Dehors, il paradosso del Comune che ignora le regole che impone ai privati

Bolzano. “L’obiettivo è quello di valorizzare la nostra bella città, soprattutto il centro storico, e di venire incontro alle richieste degli esercenti. Occorre, però, trovare un equilibrio tra le varie esigenze: le necessità di Seab, di chi rifornisce i negozi e i locali, il diritto di parcheggiare dei residenti e le direttive della Sovrintendenza”.
L’assessora comunale Johanna Ramoser usa parole di buon senso per spiegare la logica che ha ispirato “Il disciplinare tecnico per l’occupazione del suolo pubblico con arredi esterni” e come torna a sottolineare: “L’amministrazione cerca di dare dei vantaggi agli esercenti, ci incontriamo spesso con le associazioni di categoria e sono soddisfatta del risultato”.
Ovviamente, l’assessora risponde solo per le competenze che la riguardano (Attività Economiche, Turismo, Stadtmarketing e scuola), ma conferma l’idea di un’amministrazione che prova a trovare un equilibrio alle varie esigenze e che cerca di dare risposta a ogni domanda.
Sembra tutto bellissimo e invece è un problema, in generale e nel particolare.

In generale, perché l’interesse pubblico non è la banale somma degli interessi privati.

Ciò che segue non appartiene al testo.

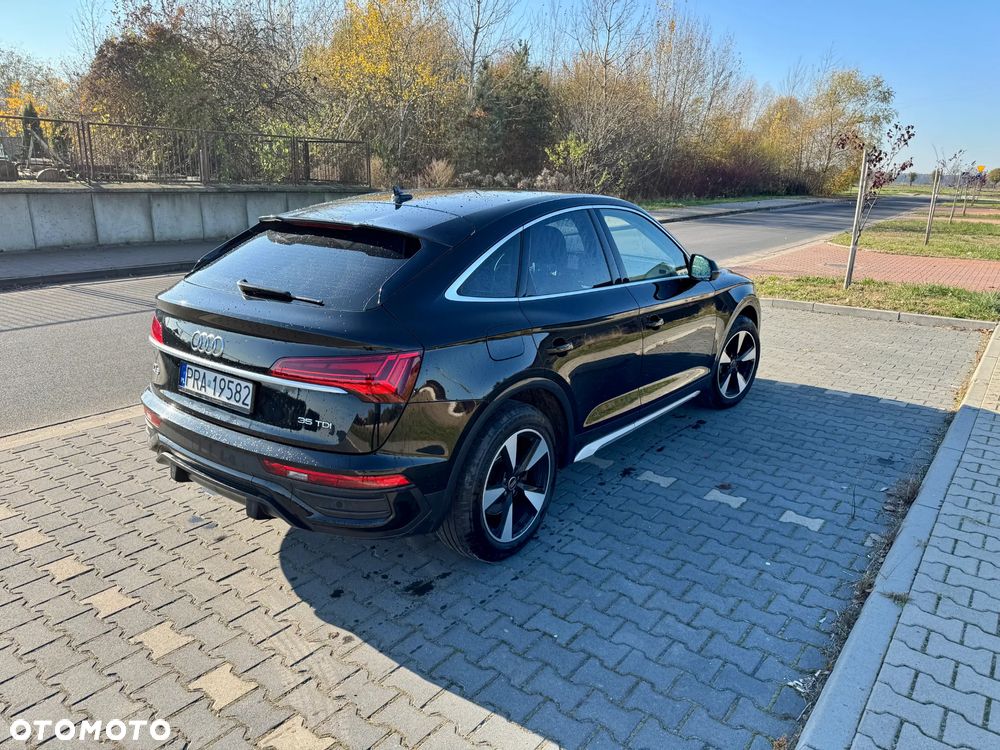 Audi Q5 Sportback - 5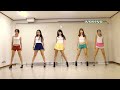 PSY싸이 - GANGNAM STYLE (강남스타일) Waveya 웨이브야 Korean dance team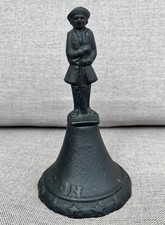 Antike gusseisen tischglocke gebraucht kaufen  Donauwörth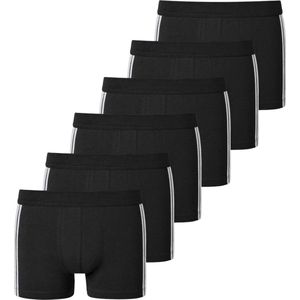 Schiesser Heren Shorts / Pants 6er Pack - 95/5 Stretch - Organic Cotton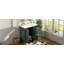 36" bathroom vanity with ceramic sink combo-155510075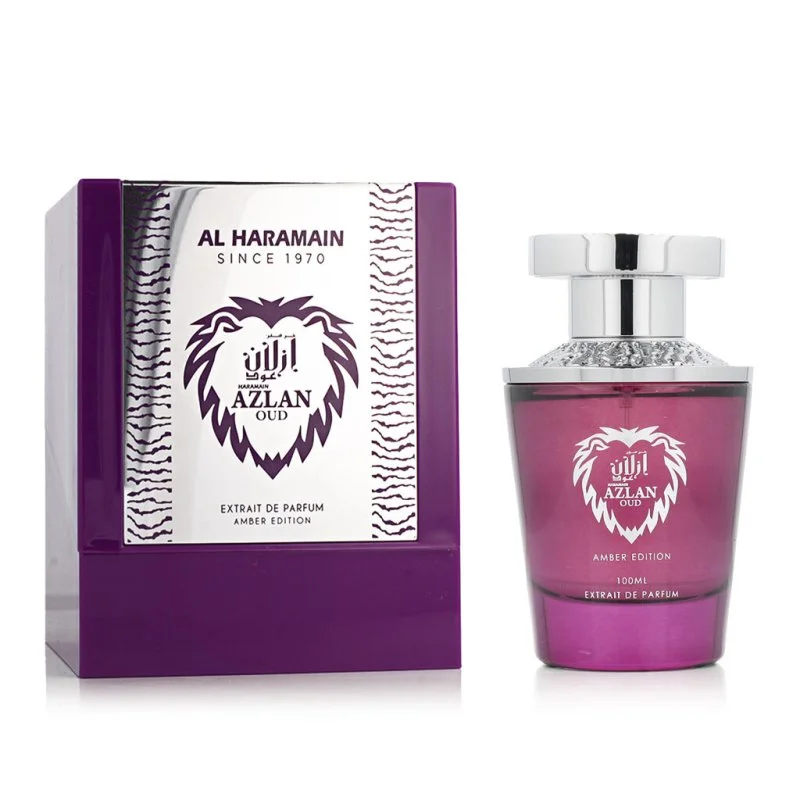 Al Haramain Azlan Oud Amber Edition parfumski ekstrakt uniseks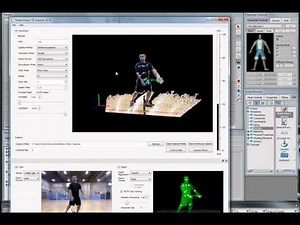 How to us a Kinect to do Mocap in Motionbuilder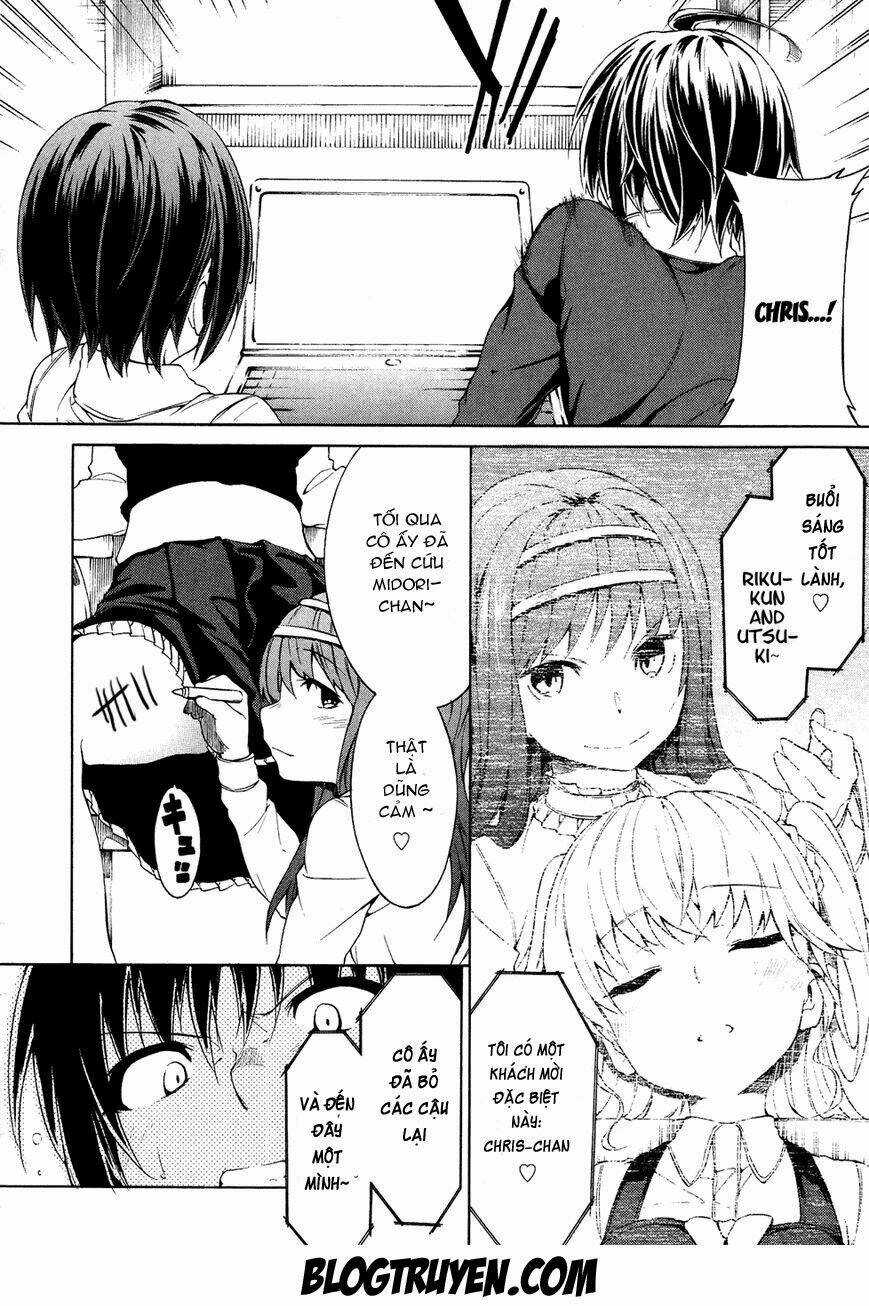 Sexual Hunter Riot Chapter 21 trang 28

Non è una questione ideologica, ma lo spazio pubblico è ridotto e l’interesse di chi intende parcheggiare sotto casa quando torna dal lavoro, contrasta decisamente con quello di chi su quello stesso spazio basa bella fetta della propria attività economica.
Da anni si prova a far finta di nulla, ma gran parte delle decisioni amministrative, anche quelle dei Comuni, sono inevitabilmente politiche.
Perché le scelte si devono basare su criteri chiari e trasparenti e decidere se è meglio dare spazio al parcheggio delle auto, alle attività commerciali o a iniziative culturali, è una decisione politica.
Accontentare tutti non è possibile e limitarsi a rispondere a ogni singola lamentela mano a mano che qualcuno la presenta, significa ridursi a correre dietro ai problemi e moltiplicare a dismisura i rompiscatole.

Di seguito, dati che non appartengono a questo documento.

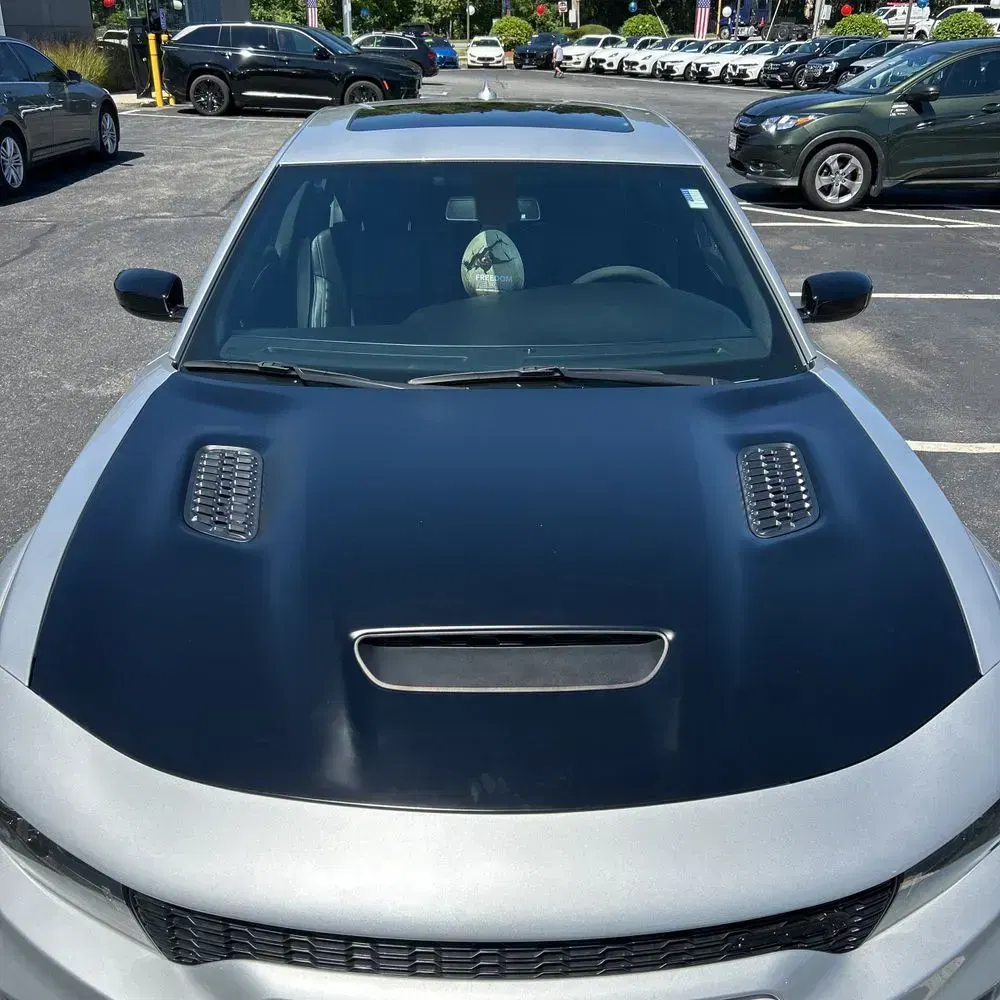 2023 Dodge Charger SRT Hellcat Jailbreak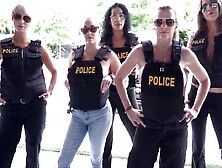 Fantasy Gangbang With 5 Hot Milfs - Cory Chase - Melanie Hicks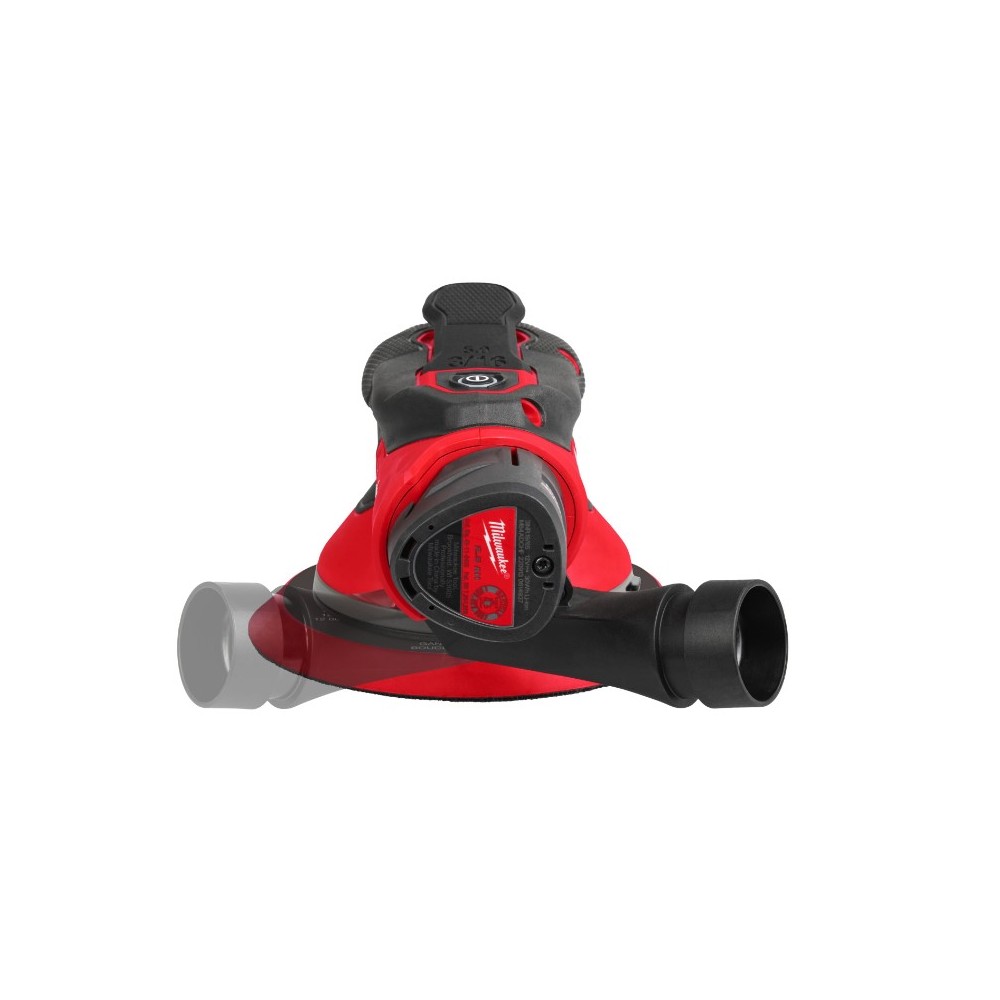 MILWAUKEE SZLIFIERKA MIMOŚRODOWA 150MM ZE SKOKIEM 5MM M12 FROS 5-0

L’amministrazione Comunale di Bolzano, lo abbiamo verificato in molti casi, risponde spesso e volentieri alle sollecitazioni: riapre il bagno pubblico chiuso, sistema la segnaletica, riposiziona una panchina…
Questo, però, non può e non deve essere sufficiente, occorre una visione complessiva che manca sulla cosiddetta movida e su molti altri aspetti. Che Caramaschi provenga dalla macchina amministrativa, che si tenga il più lontano possibile dalla “politica” (non si sa nemmeno per che partito voti) e che sia il sindaco più anziano d’Italia* non si può considerare una giustificazione.

Predicare bene e….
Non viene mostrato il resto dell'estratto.